Nous avons d’abord engagé une collecte de médicaments, de nourriture, de produits d’hygiène. Mais nous ne voulions pas tout envoyer à la frontière. On s’est rendus compte une fois sur place que tout s’entasse à la frontière. Les contacts de Maryia en Ukraine nous ont permis de mobiliser un camion à Kiev pour être sûr que notre collecte serait récupérée. Et puis on s’est dit que si on pouvait ramener des réfugiés, ce serait vraiment super.
Comment avez-vous fait?
Avec l’association Les enfants du Monde, mais aussi le groupe facebook Une nuit au chaud Poitou, nous avons d’abord recensé les familles de la Vienne prêtes à accueillir les réfugiés. Pas question pour nous de les loger dans des centres. Cela ne nous paraît pas de bonnes conditions pour eux qui arrivent d’une situation dramatique. D’autant que des familles françaises sont volontaires pour les aider. Au total, nous avons recensé 160 solutions d’accueil dans des familles. Il nous fallait alors un véhicule pour emmener notre collecte et pouvoir rentrer avec des réfugiés. De fil en aiguille et surtout au gré des contacts, l’entreprise de transport deux-sévrienne Avenir Atlantique a mis un bus à notre disposition, avec 4 chauffeurs et offert les frais de carburants. Sans eux rien n’était possible. Leur proposition nous a fait chaud au cœur, tout comme celles des familles d’accueillir des réfugiés ou encore les dons faits par les habitants de la Vienne. C’est incroyable toute cette solidarité et chaleur humaine autour de l’Ukraine.
Vous êtes partis le lundi à 3h du matin. Un long voyage jusqu’à Korczowa en Pologne. Quelles sont les images en arrivant à la frontière?
Des réfugiés dans des hangars, des gens apeurés, des collectes de médicaments, produits alimentaires et d’hygiène bloquées. Le camion qui devait récupérer notre collecte n’est jamais arrivé. Nous avons appris plus tard qu’il avait eu un accident et quant aux réfugiés que nous devions récupérer, leur car s’était fait pilonner par les russes et ils avaient dû faire demi-tour. Avec des bénévoles sur place nous avons pu récupérer d’autres réfugiés qui n’avaient pas encore quitté l’Ukraine, ne souhaitant pas rester à la frontière.

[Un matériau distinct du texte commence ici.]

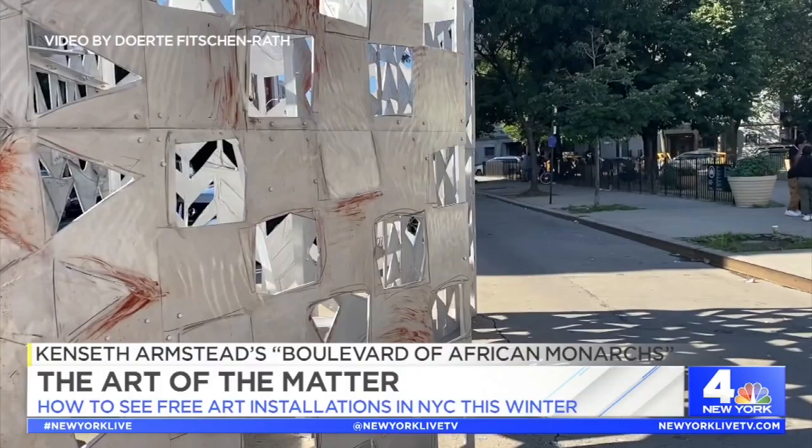It may be cold, but if you are looking for a reason to get outside, here are five free art installations throughout the city that are sure to warm your soul.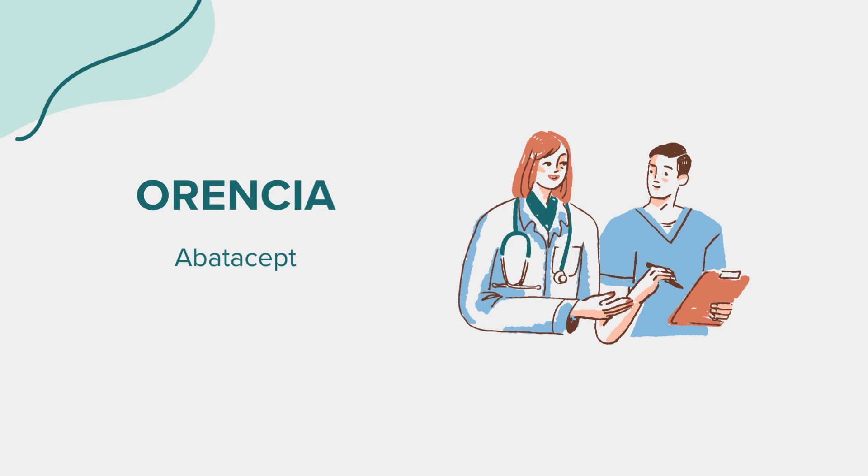Side effects. Like any medication, Orantia can have side effects. Common side effects may include headache, respiratory infections, and reactions at the injection site. More severe side effects can occur, such as serious infections including tuberculosis, allergic reactions, and liver problems. It's essential to be vigilant and report any unusual symptoms or side effects to your healthcare provider promptly.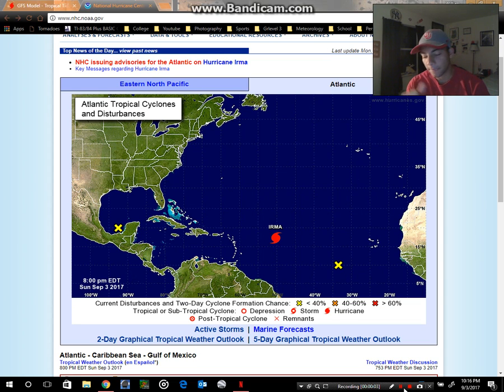How is everyone doing tonight? All day I've been looking through all the model data and everything that's been coming in for Hurricane Irma. I want to make a video detailing my thoughts and a basic overview of what's going on with this hurricane, because this is such a complex system. I'm getting a lot of questions about where it's gonna hit and how bad it's gonna be, and the simple answer is it's too far to tell.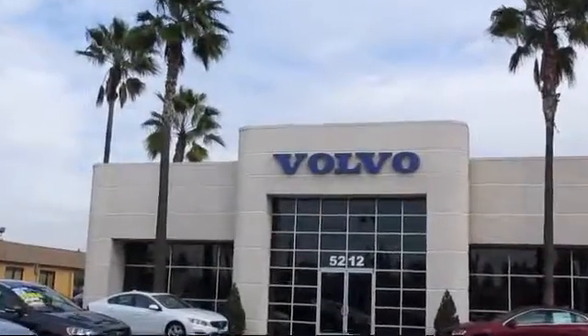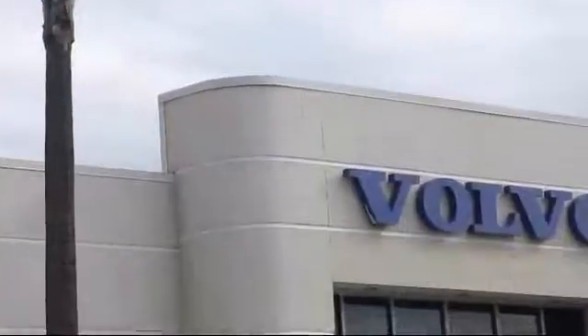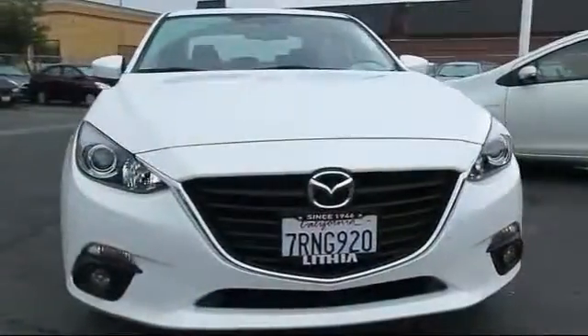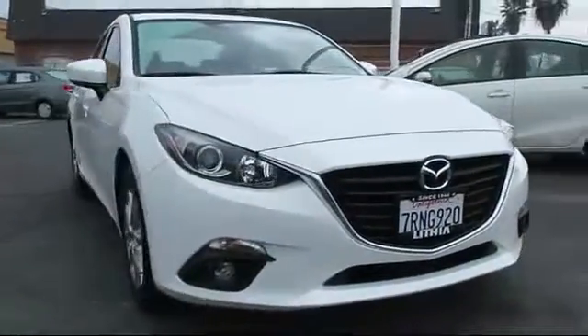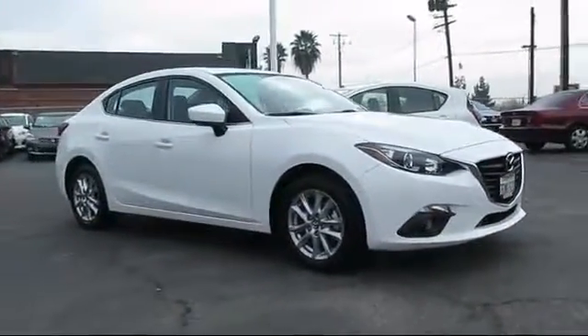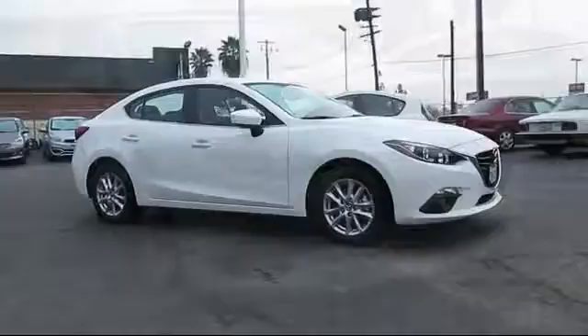Volvo of Fresno is proud to present another vehicle from our great selection of quality pre-owned cars, trucks, and SUVs. This vehicle comes equipped with steering wheel controls, keyless entry, rear spoiler, and MP3 player.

Il y avait au total 16 familles et nous étions à Poitiers jeudi en début de nuit.
Comment s’est passé le retour?
Les femmes, les quelques hommes, blessés ou père de plus de trois enfants et réformés de guerre et les enfants étaient forcément très fatigués, traumatisés... hébétés. On n’a pas beaucoup parlé. Ils ont beaucoup pleuré. Ils nous demandaient où ils allaient. Les sourires ont commencé à revenir au fil du voyage.
Et maintenant?
Les familles réfugiées ont été réparties dans les familles volontaires. À Verrières, il y a trois familles. La solidarité est forte. Nous avons eu un bel accueil du maire mais il y a aussi la boulangère et l’épicière qui nous offrent leurs invendus, le comité des fêtes qui nous a dit que nous pouvions faire appel à eux. Nous avons lancé une cagnotte sur kisskissbankbank et nous avons récolté plus de 3000€ qui ont déjà servi à payer certains frais du convoi. Il y a pas mal de démarches administratives à faire: les autorisations de séjour, l’aide médicale d’État, parfois des rendez-vous chez des médecins. Il y aura aussi l’apprentissage du français. Il faudra un temps d’adaptation. Toutes les familles vont bien. Leurs accueillants sont chaleureux et magnifiques d’empathie. C’est la meilleure solution pour ces familles ukrainiennes qui sont surtout épuisées et ont d’abord besoin de se poser.
Et chez vous?
Nous accueillons une famille de 6 personnes. Le papa, la maman et leurs quatre enfants de 1, 2, 4 et 7 ans. Le papa est réformé de la guerre du Donbass. Ils ne veulent pas nous déranger ni abuser de notre hospitalité et disent merci 100 fois par jour. Au bout de presqu’une semaine ensemble, les sourires reviennent. Les enfants jouent. Les deux plus âgées vont à l’école du village. Mais le traumatisme est bien présent et le moindre passage d’un avion leur fait très peur. Le papa va chercher du travail. Ils sont conscients que ça va être long mais ils veulent rentrer chez eux. Dépôt de dons à la boutique solidaire des enfants du monde, ouverte du mercredi au vendredi de 14h30 à 18h et le samedi de 10h à 18h au 71 rue de Peuron à Chauvigny.